The Late-time Afterglow Evolution of Long Gamma-Ray Bursts GRB 160625B and GRB 160509A

We present post-jet-break Hubble Space Telescope, Very Large Array, and Chandra observations of the afterglow of the long gamma-ray bursts GRB 160625B (between 69 and 209 days) and GRB 160509A (between 35 and 80 days). We calculate the post-jet-break decline rates of the light curves and find the afterglow of GRB 160625B is inconsistent with a simple t(-3/4) steepening over the break, expected from the geometric effect of the jet edge entering our line of sight. However, the favored optical post-break decline is also inconsistent with the f(nu) proportional to t(-p) decline (where p 2.3 from the pre-break light curve), which is expected from exponential lateral expansion of the jet; perhaps suggesting lateral expansion that only affects a fraction of the jet. The post-break decline of GRB 160509A is consistent with both the t(-3/4) steepening and with f(nu) proportional to t(-p).

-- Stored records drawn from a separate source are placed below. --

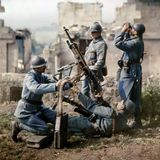 Soldaten an einem Maschinengewehr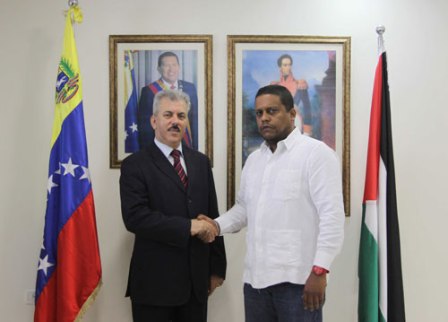 ممثل فنزويلا يجدد رفض بلاده للانتهاكات الإسرائيلية بحق شعبنا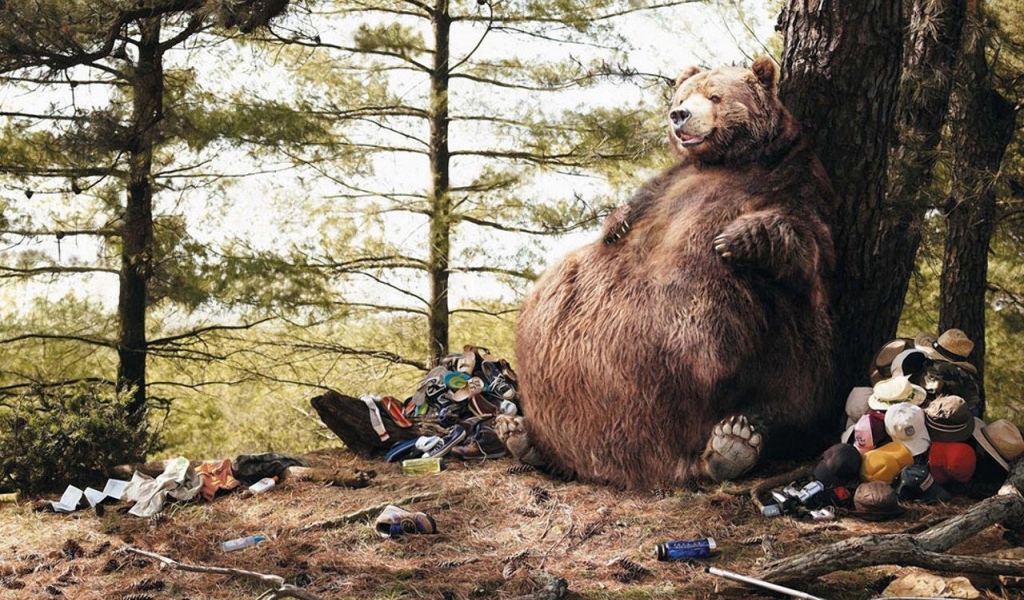 Толстый медведь сидит у дерева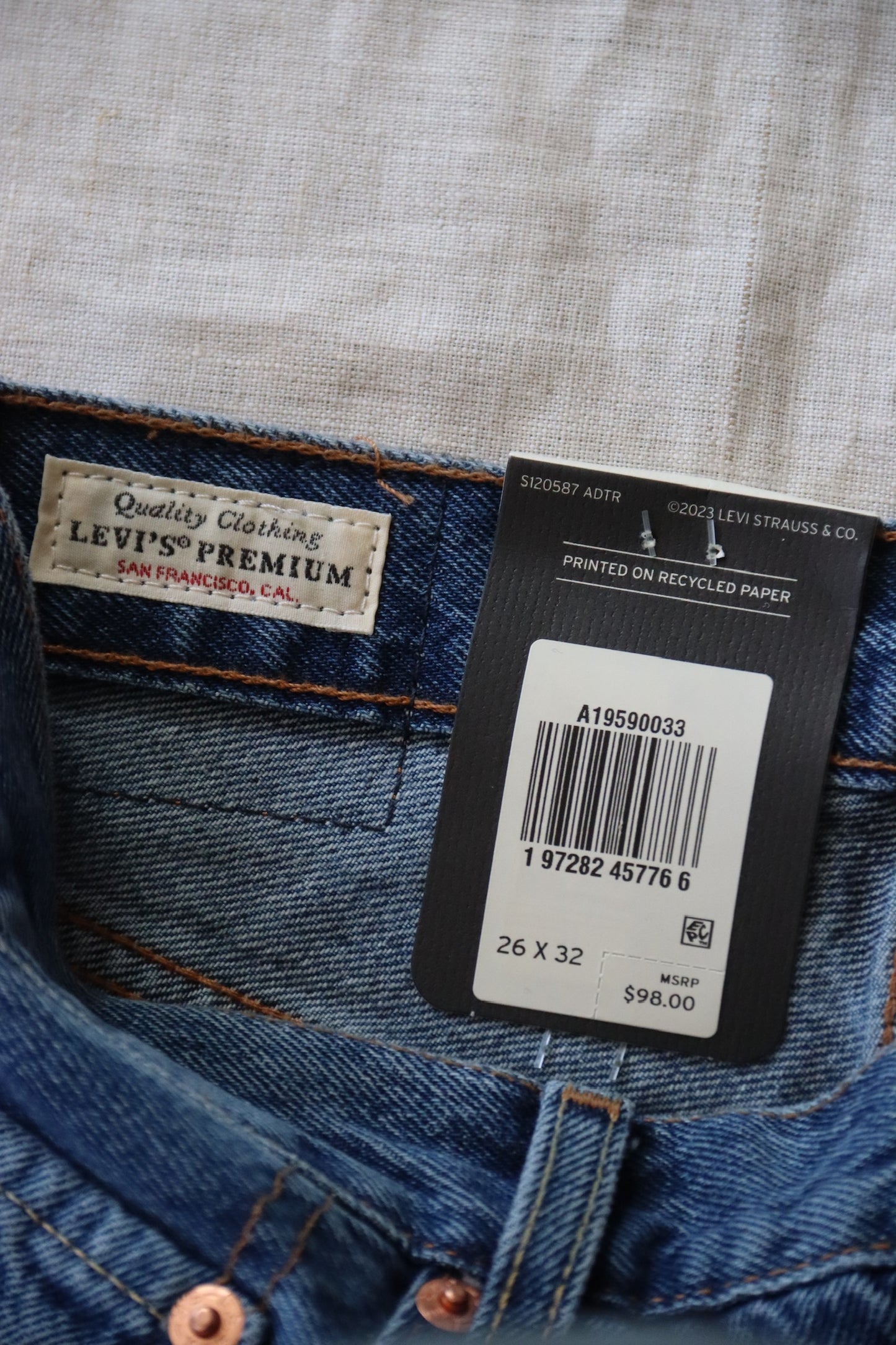 Levis Brand New Jeans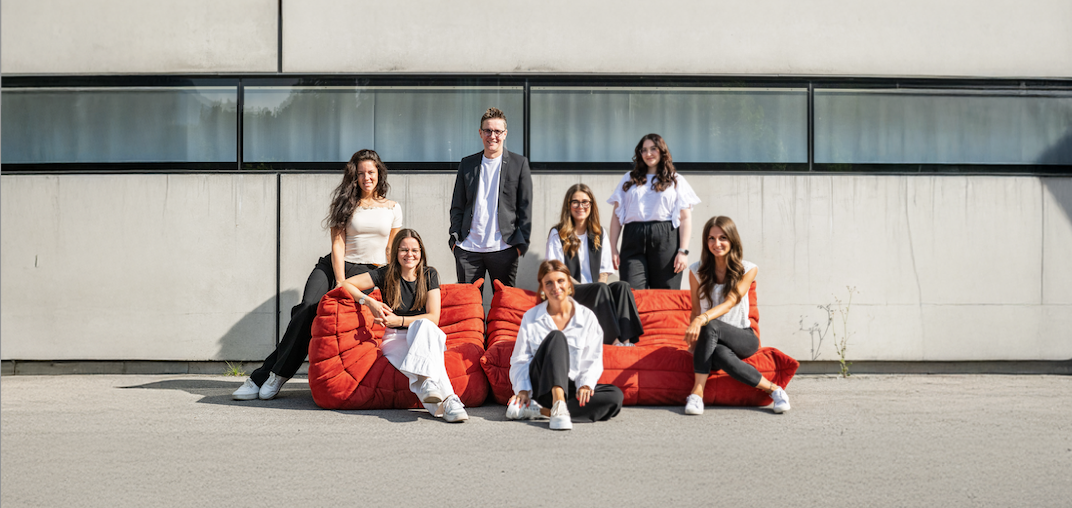 v.l.n.r. Anja Auer (Marketing- und Projektmanagerin), Rosa Natter (Videographin), Georg Burtscher (Geschäftsführer Russmedia Digital), Franziska Deflorian (Marketingleitung), Loreen Pircher (Marketingmanagerin), Nilay Aydin (Grafikdesignerin) und Elena Köhler (Grafikdesignerin) - Foto Beate Rhomberg v.l.n.r. Anja Auer (Marketing- und Projektmanagerin), Rosa Natter (Videographin), Georg Burtscher (Geschäftsführer Russmedia Digital), Franziska Deflorian (Marketingleitung), Loreen Pircher (Marketingmanagerin), Nilay Aydin (Grafikdesignerin) und Elena Köhler (Grafikdesignerin) - Foto Beate Rhomberg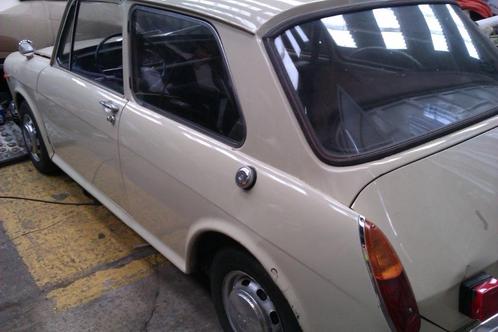 Morris 1100 MK II 2 portes 1969, Auto's, Oldtimers, Particulier, Benzine, Coupé, 2 deurs, Handgeschakeld, Beige, Zwart, Kunstmatig leder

We also use boxfit to fit afterglow models to both light curves and find both to be energetically consistent with a millisecond magnetar central engine, but the magnetar parameters need to be extreme (i.e., E similar to 3 x 10(52) erg). Finally, the late-time radio light curves of both afterglows are not reproduced well by boxfit and are inconsistent with predictions from the standard jet model; instead, both are well represented by a single power-law decline (roughly f(nu) proportional to t(-1)) with no breaks. This requires a highly chromatic jet break and possibly a two-component jet for both bursts.